14. Sozin's Comet Part 4: Avatar Aang
How does a pacifist protagonist win the war against an evil Empire? It's a surprisingly deep ethical dilemma that Aang wrestles with throughout Book 3, and which comes to a head in the majestic, awesome series finale, "Sozin's Comet Part 4." The final battle between Aang and Fire Lord Ozai is the stuff of blockbuster-level dreams, spanning nearly the entire half-hour as the two foes breathe fire and level mountains. It's one of the best-animated fight sequences of the entire series that ends with the surreal, otherworldly image of Aang and Ozai becoming overtaken by pure beams of energy. Combined with Jeremy Zuckerman's beautifully somber score, performed for the finale by a live orchestra, that battle alone is enough to bring tears to your eyes. The rest of the episode holds up as well, as the episode reaches a crescendo with Iroh's triumphant liberation of Ba Sing Se, Katara's knockout fight with Azula, and a heart-pounding moment of terror for Toph and Sokka. Though the epilogue rather quickly ties up loose ends (and gives us a few romantic pairings we're not quite satisfied with), "Sozin's Comet Part 4: Avatar Aang," is a rip-roaring culmination of the entire series.
13. The Blind Bandit
"The Blind Bandit" gives us the final piece of the puzzle we never knew was missing: Toph Beifong, the tough-as-nails blind 12-year-old girl who is recruited by Team Avatar to be Aang's Earthbending Master. The Gaang happens upon the blind fighter during an earthbending tournament, where Toph easily bests the other muscly fighters with her effortless earthbending skills.

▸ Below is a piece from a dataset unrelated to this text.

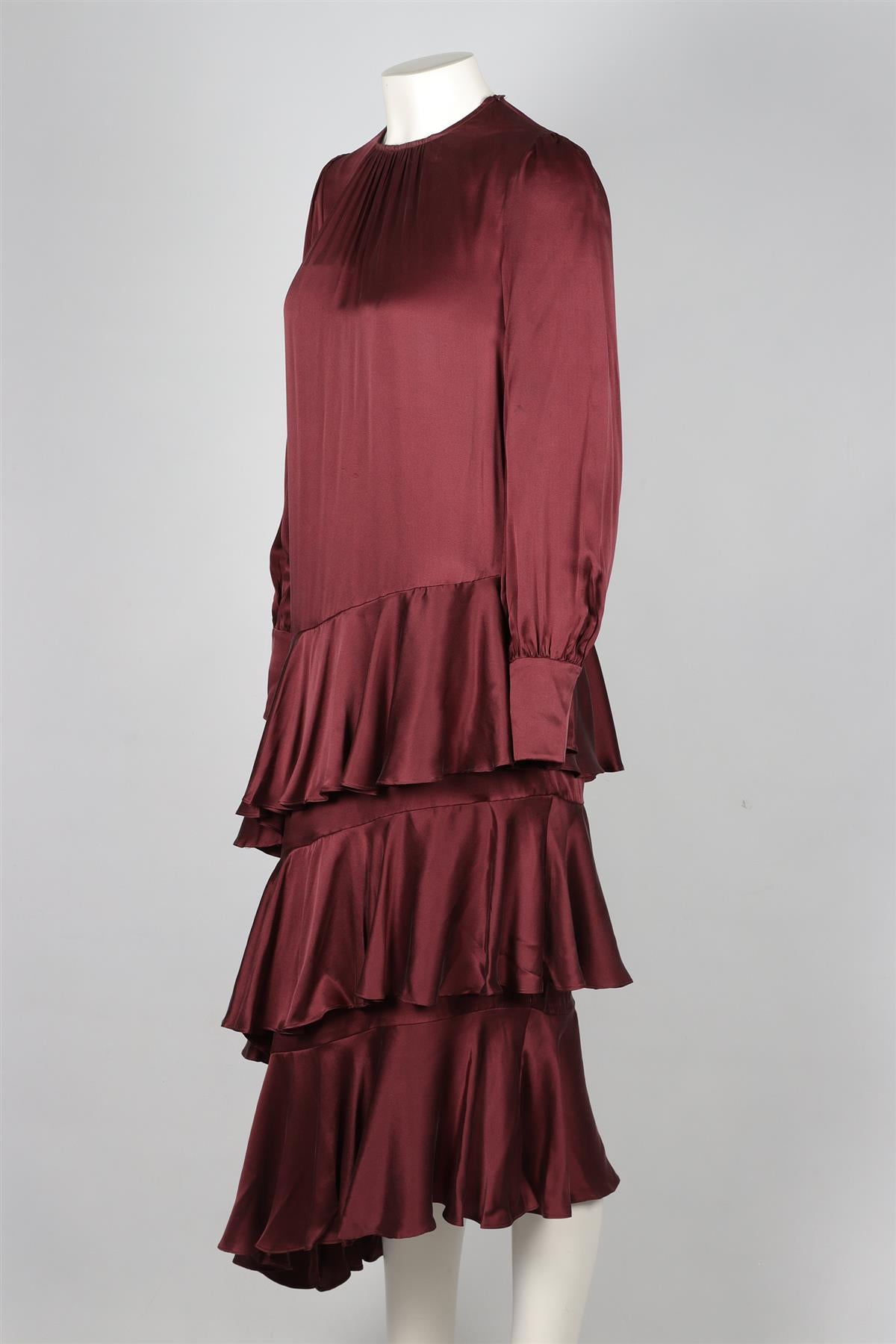 ZIMMERMANN BURGUNDY SILK MAXI DRESS SMALL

Recognizing the master that he saw in his visions, Aang tries to recruit Toph, but is rebuffed by the girl, who leads a double life as a sheltered daughter of a wealthy family and a prized earthbender. While "The Blind Bandit" is mostly a fun comedic episode that plays like a glorified wrestling match (a concept that the writers loved so much they made it a central part of The Legend of Korra), it's a pivotal turning point for the series that feels like it finally comes into its own with the introduction of Toph. Angry, blunt, and rude, Toph blasts into the series like a tsunami — or more accurately, a landslide — that shakes up the somewhat harmonious ensemble and finally completes the five-man band of Team Avatar.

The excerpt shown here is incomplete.